Saturday, September 16, 2023

Sexmob | "The Hard Way"

For over a quarter-century, the visionary quartet Sexmob has exploded all preconceived notions of what an instrumental jazz band can be. In many cases — on the albums Dime Grind Palace, Din of Inequity, Solid Sender and Sex Mob Does Bond — they've done so with producer Scotty Hard at the board. On The Hard Way, Sexmob's remarkable new recording for 2023, the music skews decisively electronic, as Hard's beats and soundscapes provide slide trumpeter and founder Steven Bernstein, saxophonist Briggan Krauss, bassist Tony Scherr and acoustic/electric drummer Kenny Wollesen all the stimulus they need for further composition and fearless reinvention.

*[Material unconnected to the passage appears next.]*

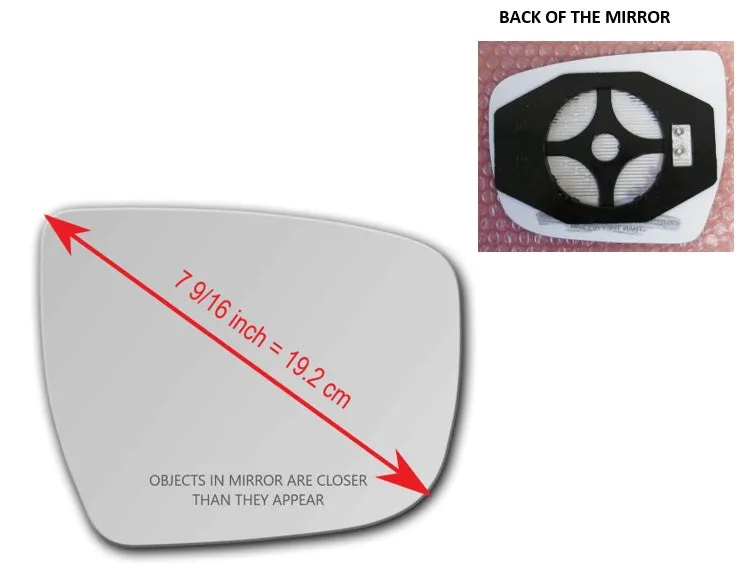 Heated Mirror Glass With Plastic Backing Plate Attached for Nissan Murano 2015 - 2021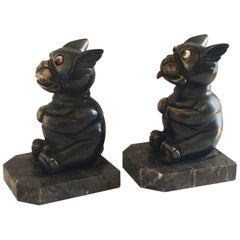 Art Deco Pair of Comical Bookends by Hippolyte Francois Moreau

Scotty Hard has worked extensively in genres including jazz, experimental music and cutting-edge hip-hop (Harriet Tubman, Ka, Vijay Iyer & Mike Ladd, Preservation, Mach-Hommy, more), and those aesthetic convergences inform much of the music on The Hard Way. "Steven really loved my last album," Hard says, "and I suggested we do something entirely different. A process record. We've already done the four musicians (sometimes more) in a room thing, so let's do something totally unique and collaborative." While Hard was very hands-on with all previous Sexmob albums, this would take it to a whole other level.

The album is being released by the Chicago-based Corbett vs. Dempsey — no ordinary record label, but an art gallery that curates albums and books. Creative music has always been a feature of the gallery’s activities (in addition to its record label, CvsD represents Peter Brötzmann and the estate of Sun Ra).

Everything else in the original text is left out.